Optimized Hot Spot Analysis (Spatial Statistics)

ArcGIS Pro 3.4 | | Help archive

Summary

Given incident points or weighted features (points or polygons), creates a map of statistically significant hot and cold spots using the Getis-Ord Gi* statistic. It evaluates the characteristics of the input feature class to produce optimal results.

Learn more about how Optimized Hot Spot Analysis works

Illustration

Optimized Hot Spot Analysis tool illustration

Usage

  • This tool identifies statistically significant spatial clusters of high values (hot spots) and low values (cold spots). It automatically aggregates incident data, identifies an appropriate scale of analysis, and corrects for both multiple testing and spatial dependence. This tool interrogates your data in order to determine settings that will produce optimal hot spot analysis results. If you want full control over these settings, use the Hot Spot Analysis tool instead.

    Note:

    Incident data are points representing events (crime, traffic accidents) or objects (trees, stores) where your focus is on presence or absence rather than a measured attribute associated with each point.

  • The computed settings used to produce optimal hot spot analysis results are reported as messages during tool execution. The associated workflows and algorithms are explained in How Optimized Hot Spot Analysis works.

  • This tool creates a new Output Feature Class with a z-score, p-value and confidence level bin (Gi_Bin) for each feature in the Input Feature Class. It also includes a field (NNeighbors) with the number of neighbors each feature included in its calculations.

  • The output of this tool includes a histogram charting the value of the variable analyzed (either the Analysis Field or the incident count within each polygon).

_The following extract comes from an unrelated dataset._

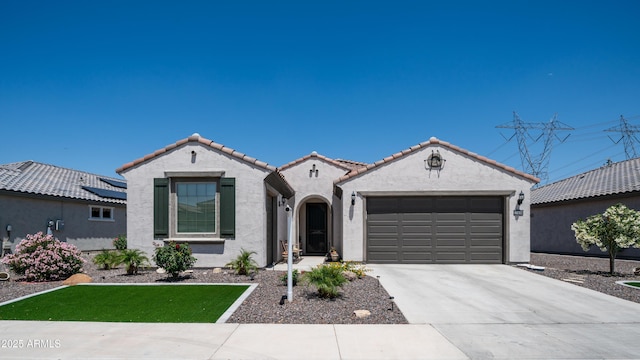 27636 W Runion Dr, Buckeye, AZ 85396 - mediterranean / spanish house featuring stucco siding, a garage, concrete driveway, and a tiled roof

The chart can be accessed by selecting the List By Charts tab List By Charts on the Contents pane.

  • The Gi_Bin field identifies statistically significant hot and cold spots, corrected for multiple testing and spatial dependence using the False Discovery Rate (FDR) correction method. Features in the +/-3 bins (features with a Gi_Bin value of either +3 or -3) are statistically significant at the 99 percent confidence level; features in the +/-2 bins reflect a 95 percent confidence level; features in the +/-1 bins reflect a 90 percent confidence level; and the clustering for features with 0 for the Gi_Bin field is not statistically significant.

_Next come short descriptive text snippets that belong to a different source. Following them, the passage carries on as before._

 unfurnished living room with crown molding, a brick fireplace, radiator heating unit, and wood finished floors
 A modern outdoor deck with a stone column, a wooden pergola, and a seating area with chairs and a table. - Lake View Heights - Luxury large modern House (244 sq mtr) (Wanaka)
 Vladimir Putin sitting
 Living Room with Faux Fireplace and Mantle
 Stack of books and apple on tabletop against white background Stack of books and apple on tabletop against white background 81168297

  • The z-score and p-value fields do not reflect any kind of FDR (False Discovery Rate) correction. For more information on z-scores and p-values, see What is a z-score? What is a p-value?

  • When the Input Feature Class is not projected (that is, when coordinates are given in degrees, minutes, and seconds) or when the output coordinate system is set to a Geographic Coordinate System, distances are computed using chordal measurements. Chordal distance measurements are used because they can be computed quickly and provide very good estimates of true geodesic distances, at least for points within about thirty degrees of each other. Chordal distances are based on an oblate spheroid. Given any two points on the earth's surface, the chordal distance between them is the length of a line, passing through the three-dimensional earth, to connect those two points. Chordal distances are reported in meters.

    Caution:

    Be sure to project your data if your study area extends beyond 30 degrees. Chordal distances are not a good estimate of geodesic distances beyond 30 degrees.

  • The Input Features can be points or polygons. With polygons, an Analysis Field is required.

  • If you provide an Analysis Field, it should contain a variety of values. The math for this statistic requires some variation in the variable being analyzed; for example, it cannot solve if all input values are 1.

  • With an Analysis Field, this tool is appropriate for all data (points or polygons) including sampled data. In fact, this tool is effective and reliable even in cases where there is oversampling. With lots of features (oversampling), the tool has more information to compute accurate and reliable results. With few features (undersampling), the tool will still do all it can to produce accurate and reliable results, but there will be less information to work with.

    Because the underlying Getis-Ord Gi* statistic used by this tool is asymptotically normal, even when the Analysis Field contains skewed data, results are reliable.

  • With point data you will sometimes be interested in analyzing data values associated with each point feature and will consequently provide an Analysis Field. In other cases you will only be interested in evaluating the spatial pattern (clustering) of the point locations or point incidents. The decision to provide an Analysis Field or not will depend on the question you are asking.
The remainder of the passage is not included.